2024 European Conference on Computer Systems |

Publication

Deep Learning training jobs process large amounts of training data using many GPU devices, often running for weeks or months. When hardware or software failures happen, these jobs need to restart, losing the memory state for the Deep Neural Network (DNN) model trained so far, unless checkpointing mechanisms are used to save training state periodically. However, for large models, periodic checkpointing incurs significant steady state overhead, and during recovery, a large number of GPUs need to redo work since the last checkpoint. This is especially problematic when failures are frequent for large DNN (such as Large Language Model) training jobs using many GPUs.
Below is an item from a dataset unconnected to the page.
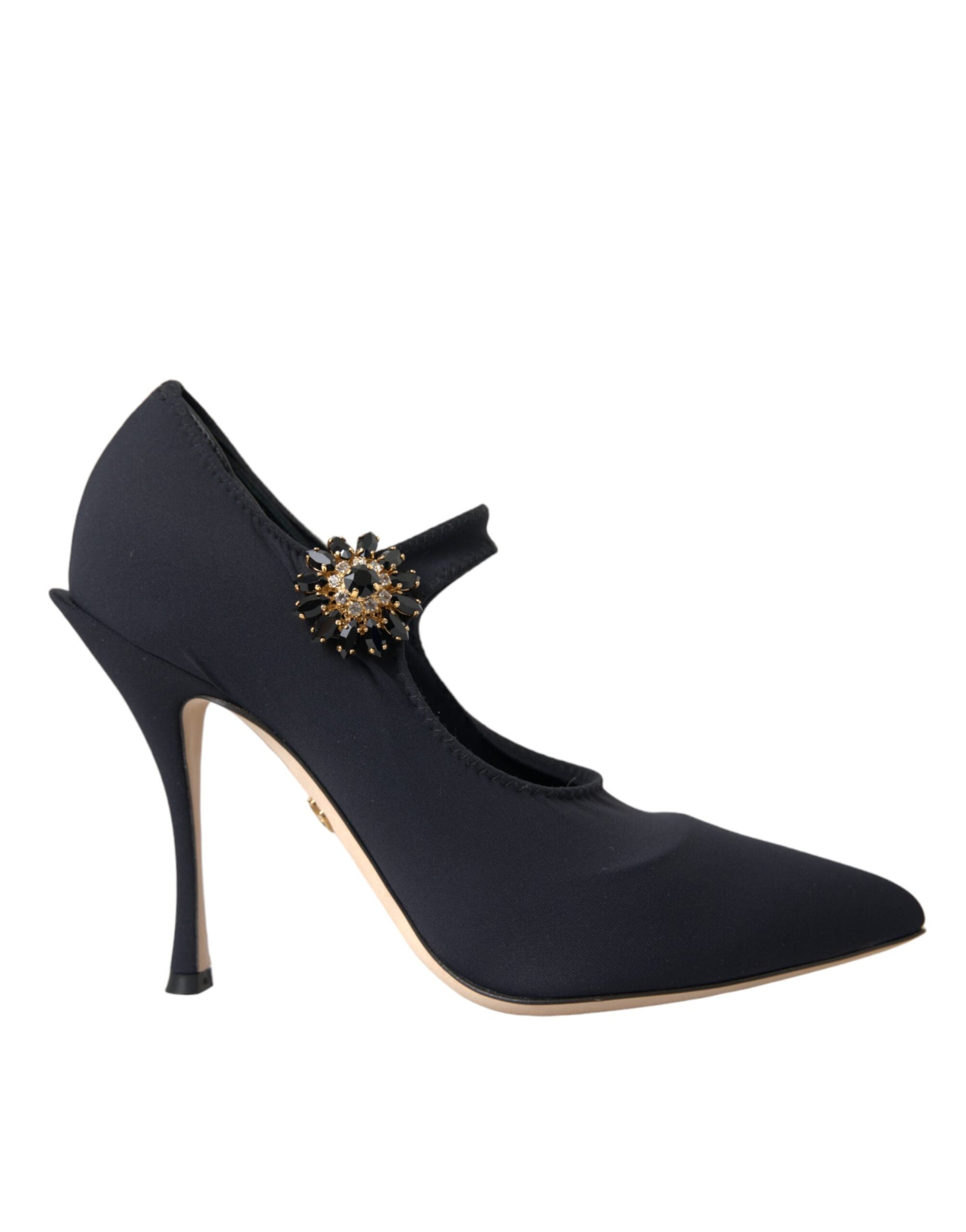 Dolce &amp; Gabbana Black Mary Jane Jersey Crystal Pumps Shoes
In this paper, we present a novel approach of just-in-time checkpointing when failures happen, which enables recovery from failures with just a single minibatch iteration of work replayed by all GPUs. This reduces the cost of error recovery from several minutes to a few seconds per GPU, with nearly zero steady state overhead. This also avoids the guesswork of choosing a checkpointing frequency since failure rates usually have high variance. We discuss how just-in-time checkpointing can be enabled in training code, as well as design of key mechanisms for transparent just-in-time checkpointing without user code change. We analyze the wasted GPU work of just-in-time checkpointing and show that it is less than periodic checkpointing for large numbers of GPUs. We present results from our implementation in modern AI cluster infrastructure.